In 1987, John Joslyn led an expedition to the sunken Titanic wreckage, and ever since, he’s been on a mission to collect artifacts of the ship scattered around the world.
In 2006, Joslyn and his wife, Mary Kellogg-Joslyn, opened the Titanic Museum in Branson, exhibiting a permanent collection of memorabilia including 400 artifacts. A few years later, a sister museum opened in Pigeon Forge, Tennessee.
The Joslyns, originally from Los Angeles and New York, worked as television producers. They chose to place their collection in Branson, which had a lack of museums in the area at the time but also a thriving tourist industry. The museum was built in 14 months.
The collection pays tribute to the 2,208 passengers and crew members of the ship. It is a mostly self-guided interactive experience inside a ship-shaped building.
Crew members are trained for three months and become knowledgeable about the stories they pass on to visitors.
Dressed in period-specific clothing, they are stationed in different parts of the museum. Visitors are handed a boarding pass with they enter, each with the story of a passenger whose fate is revealed during the tour. Visitors can walk around to view models, cutouts, maps, photographs and other memorabilia from the ship.
A striking aspect of the museum is an exact replica of the hand-crafted grand staircase, built using the original blueprints. This room cost $1 million to build, has 24-carat gold ornamentation, elaborate woodwork and a milk glass skylight.
On the museum website, John Joslyn describes other highlights: “Visitors can touch finely carved wooden inlays, grasp the wheel on the captain’s bridge, tap out messages on the ship’s wireless, feel an iceberg’s chill, stroll decks and galleries and listen to stories told by real survivors.”
Visitors can also shovel coal and peep into full-scale cabins and the engine room. Artifacts on display include such authentic objects as a luggage box, dinnerware, deck chair, life jacket and pocket watch.
According to Mary Kellogg-Joslyn, the museum seeks to spike the curiosity of visitors about their own past, as well as disseminate the stories of those onboard the Titanic.
“What I'd like the families to do is get in their car and talk about their family history,” she said, while explaining the takeaways for visitors.
In 2019, 800,000 people from around the U.S. and Canada visited the Titanic Museum in Branson.
Kellogg-Joslyn believes James Cameron’s film introduced an entirely different generation to the ship’s story, and thus the museum is often visited by families with children who are fascinated by its history.
Children are referred to as Titaniacs and encouraged to learn about the museum.
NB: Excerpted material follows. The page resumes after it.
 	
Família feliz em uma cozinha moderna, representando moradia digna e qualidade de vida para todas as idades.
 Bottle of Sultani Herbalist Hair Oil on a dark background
Virtual discussions and virtual tours targeted at children are also conducted. The museum has also been visited by descendants of the survivors.
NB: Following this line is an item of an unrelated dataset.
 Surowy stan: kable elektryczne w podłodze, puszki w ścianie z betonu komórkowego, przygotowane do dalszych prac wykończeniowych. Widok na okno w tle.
“We've had over 300 visitors, and they all have the same reaction. Thank you for telling our family stories,” Kellogg-Joslyn said.
The museum keeps adding to its collection, and one staff member is solely dedicated to scouting artifacts from auctions around the world. New items are displayed every year; this year the violin of Wallace Hartley, a Titanic bandleader, priced at $1.7 million, is on display.
Tickets can be purchased online or via phone call and can be combined with other Branson attractions. Groups can also book a murder mystery that takes place at the museum.